From: Alex van den Bogaerdt (alexergens.op.het.net)
Date: Fri Jan 09 2004 - 15:10:50 CST


On Fri, Jan 09, 2004 at 03:57:27PM -0500, Nick Fisher wrote:

> So, without SRS (http://spf.pobox.com/srs.html) being implemented properly
> on EVERY mail server on the net, SPF can't work 100% properly. It would
> still be useful in something like SpamAssassin where the result was given a
> weight but if left as an absolute it's almost going to guarantee that some
> of your mail will be incorrectly (due to forwarding) be classified as spam.

The user that forwards the mail will find out that the final destination
is using SPF and will have to stop forwarding in the current manner.

Forwarding could be done in an entirely different way. For instance,
the original message could be attached to a new message (originating
from the forwarder) to the final destination.

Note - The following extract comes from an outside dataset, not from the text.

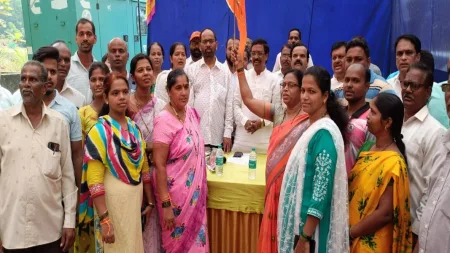 नेमळे- घारकरवाडीतील सर्व कुटुंबीयांचा ठाकरे सेनेत प्रवेश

> Am I missing something here? How is SPF going to reliably work when SRS
> isn't standard yet?

Strictly speaking, it *is* working reliably. The final destination has
a policy to trust the policy of the originating domain. The originating
domain has a policy that noone but them should be sending mail with their
domain in the headers.

You probably do not agree with the policy but this doesn't mean the
protocol doesn't work reliably.

Either the originator of the mail has to convince its ISP to change
its policy (use ?all, not -all) or the forwarding user has to find
a way to not send out mail with 3rd party headers (for instance using
SRS, or by encapsulating the message).